Certaines interventions du Palais paraissent cocasses pour un chef d’État : réorientation d’un bachelier fils de ministre, autorisation d’exploitation d’une carrière, attribution d’une licence de vente de boissons alcoolisées. Mais, dans les deux derniers cas – le rapport ne le souligne pas –, l’enjeu est plus important. Les carrières, c’est parce que Belhassen Trabelsi, le frère de l’ex-première dame, Leïla Trabelsi, s’était lancé dans le ciment. L’alcool, c’était pour mieux contrôler un marché presque monopolisé par les membres des familles Ben Ali et Trabelsi, principaux intermédiaires sur tout le territoire.
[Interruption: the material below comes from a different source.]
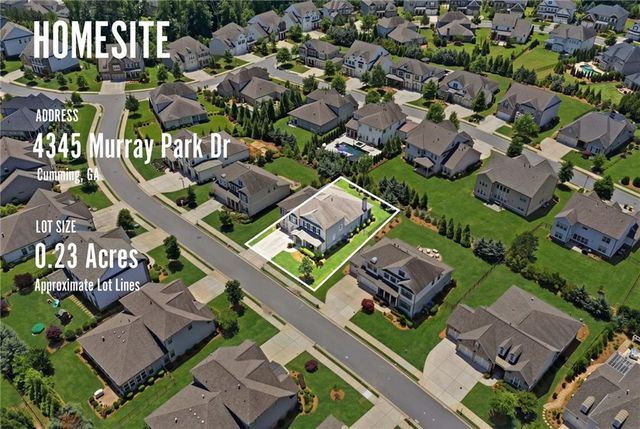 4345 Murray Park Drive, Cumming, GA 30040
À lui seul, Imed Trabelsi, le neveu de Leïla, assurait au moins 20 % des ventes de bière dans le pays.

Comme pour l’alcool, les dossiers de corruption les plus explosifs sont le plus souvent en relation avec les propres intérêts de Ben Ali, de sa famille élargie (plus d’une centaine d’adultes) et de ses alliés et protégés. Les affaires les plus juteuses ont été réalisées lors de privatisations, ou de l’attribution de concessions et de marchés publics, ou encore à travers des opérations financières, bancaires et immobilières.
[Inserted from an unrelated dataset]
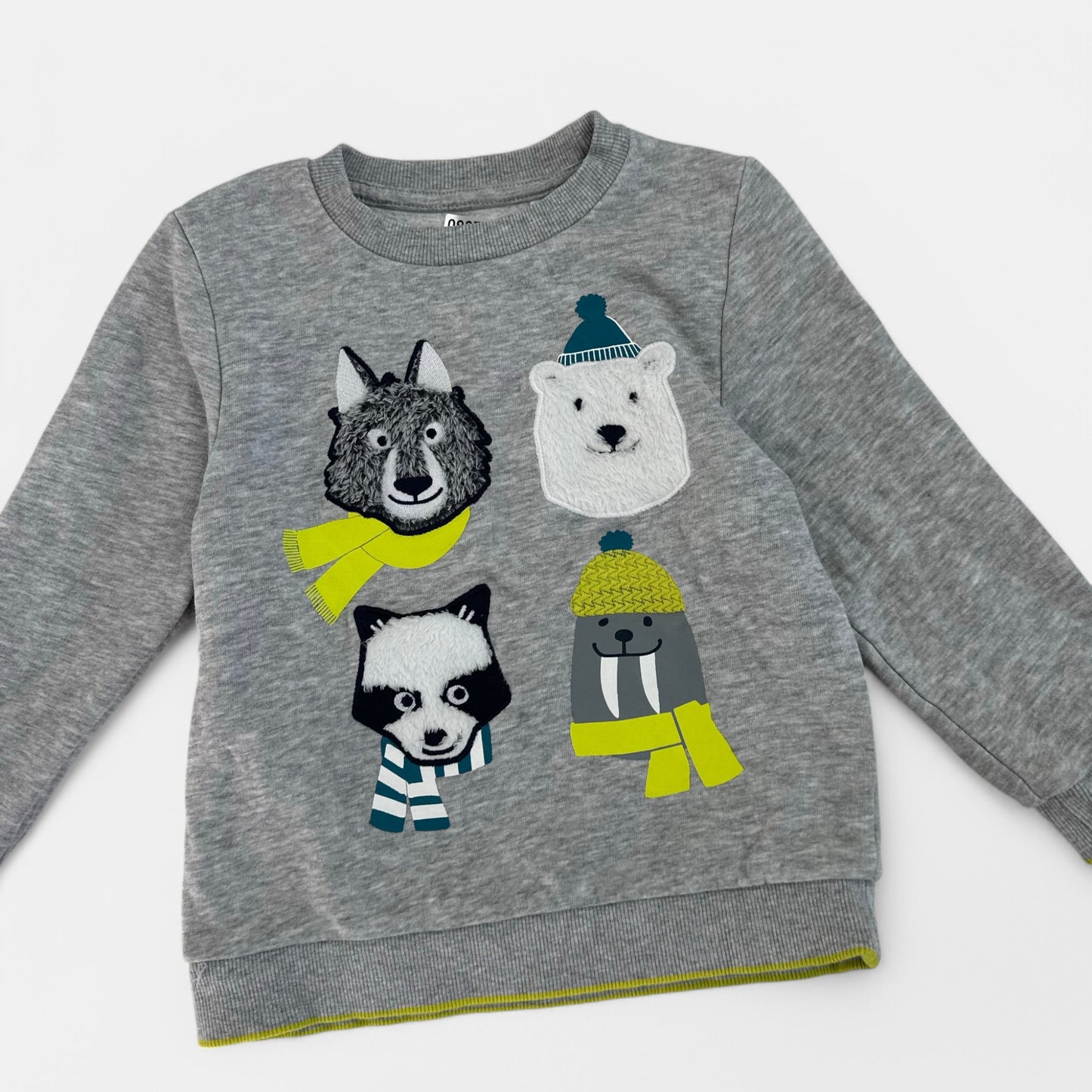 Pull Tough Team : 4 ans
Abdelfattah Amor, Mr. Propre

Ils sont plus d’une douzaine de spécialistes multidisciplinaires à avoir abandonné leurs activités pour enquêter pendant neuf mois sur la corruption sous le règne de Ben Ali, avec pour mission d’identifier les rouages d’un système de prédation bien rodé. À leur tête, Abdelfattah Amor, 68 ans, professeur en droit public et ancien président du Comité des droits de l’homme de l’ONU. Lorsqu’il a été désigné pour diriger la Commission nationale d’investigation sur les affaires de corruption et de malversation (CNICM), certains lui ont reproché d’avoir été décoré par Ben Ali pour son rôle au sein du système onusien, jusqu’au jour où ils l’ont vu étaler devant les caméras de télévision le trésor de l’ex-couple présidentiel dissimulé dans le palais privé de Sidi Bou Saïd. La même équipe a pris ensuite l’initiative d’aller exhumer la mine d’informations contenues dans les archives du palais de Carthage. Sans ces documents, on n’aurait probablement jamais pu confondre – et traduire en justice – les membres du clan de Ben Ali.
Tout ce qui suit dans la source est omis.